On the evening of March 22, journalists living and working in Israel, including this reporter, received a text message on their cell phones from a most unexpected source: the terrorist organization Hamas. It read: “Al Qassam has chosen you to be the next Shalite” (Shalit), a reference to Gilad Shalit, a soldier who was abducted to Gaza in 2006 and held captive for more than five years.
An additional text message was sent in bad Hebrew that said, “If Gaza is attacked, then the life of the Zionists will be hell.”
Meanwhile, an email message from the same source was received purporting to be from the “Israel Defense” website reminding that Sheikh Ahmed Yassin was assassinated ten years earlier and that his death would be avenged. Some of the text messages also warned Israelis of Qassam rockets, followed by the warning: “If you want life, leave this country.”
Hamas activists are believed to hacked into the news website, “Israel Defense,” which is available in both English and Hebrew. The following message was posted there: “Ten years ago, Zionist Helicopters launched three missiles, killing our beloved Sheikh Ahmed Yassin as he leaves the mosque after morning prayers. This is to remind you that we don’t forget the blood of our sheik. We swear again to take revenge, and this time by taking off the head of your leaders.”
At least two of the messages were sent from a telephone number whose area code was once used by career Israeli army officers. The area code was provided by the communications firm MIRS, but was canceled after the Israel Defense Forces (IDF) switched carriers. IDF sources said the military had information on which cell phone users received the threatening messages. The numbers were for phones that belong to individuals who had registered for a conference on cybersecurity organized by “Israel Defense,” an indication that the hackers were able to access registrants’ personal information that included their cell phone numbers.
Other journalists who received the text messages from Hamas included New York Times bureau chief Jodi Rudoren and correspondents of the Los Angeles Times and Washington Post. Ruth Eglash, the Post’s correspondent, said she tried calling the number to the phone from which the text messages had been sent but got a buzzing sound.
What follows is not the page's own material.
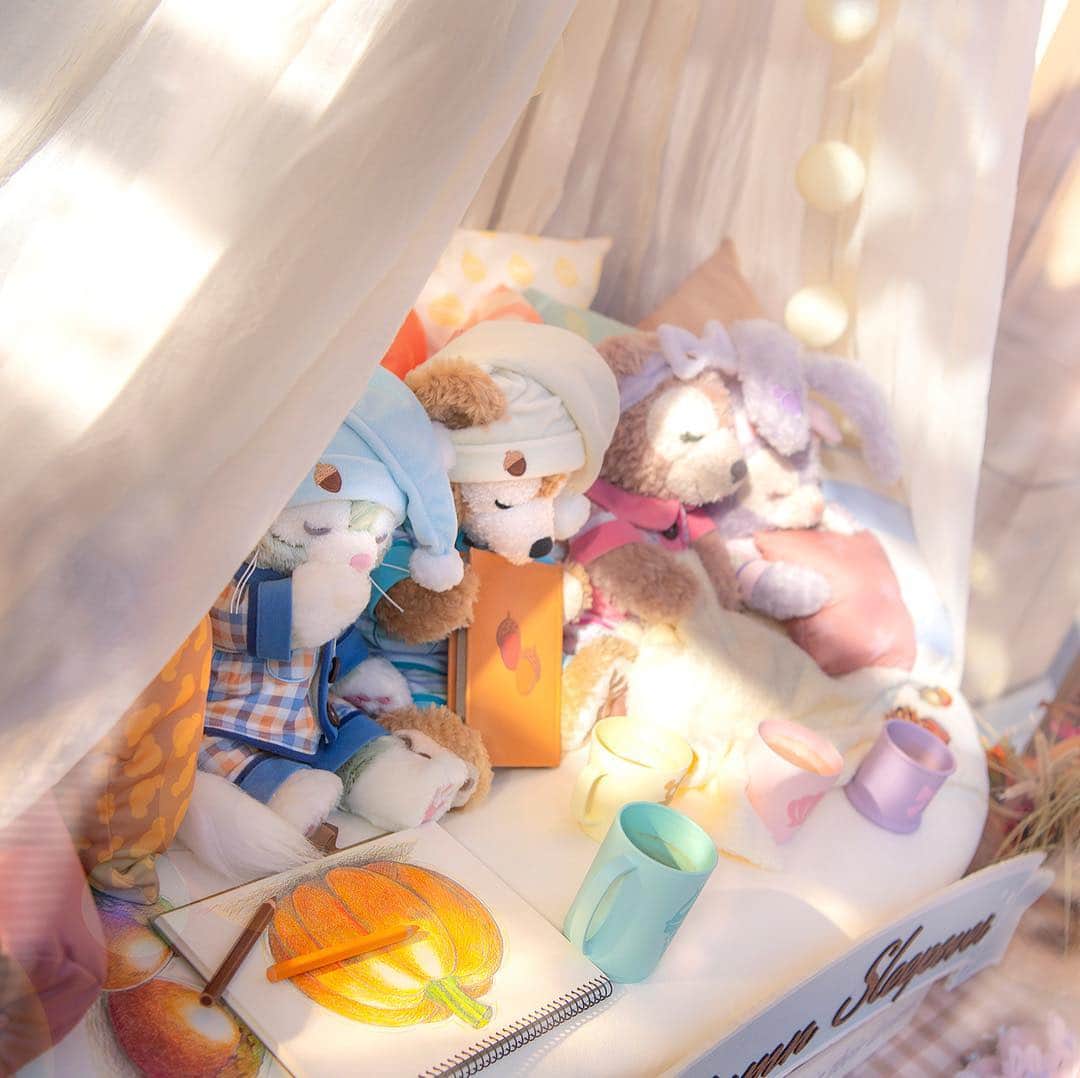 のインスタグラム：「Taking a nap… すやすや・・・ #mcducksdepartmentstore #americanwaterfront #tokyodisneysea #tokyodisneyresort #duffy #shelliemay #gelatoni #stellalou #autumnsleepover #マクダックスデパートメントストア #アメリカンウォーターフロント #東京ディズニーシー #東京ディズニーリゾート #ダッフィー #シェリーメイ #ジェラトーニ #ステラルー #パジャマパーティ #木漏れ日 #すやすや」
The Foreign Press Association in Israel condemned "in the strongest of terms" the text messages purportedly sent by Hamas to hundreds of Israeli cell phone users, including dozens of journalists.
The association, which represents international media in Israel, claims the threats sent to phones included "direct threats to our members including one from 'kill you' that said 'Hamas ... In the next war all of Palestine will be returned,’' and one from a phone number beginning with the digits 057 that said 'Al-Qassam has chosen you to be the next Shalite ... Be Ready.’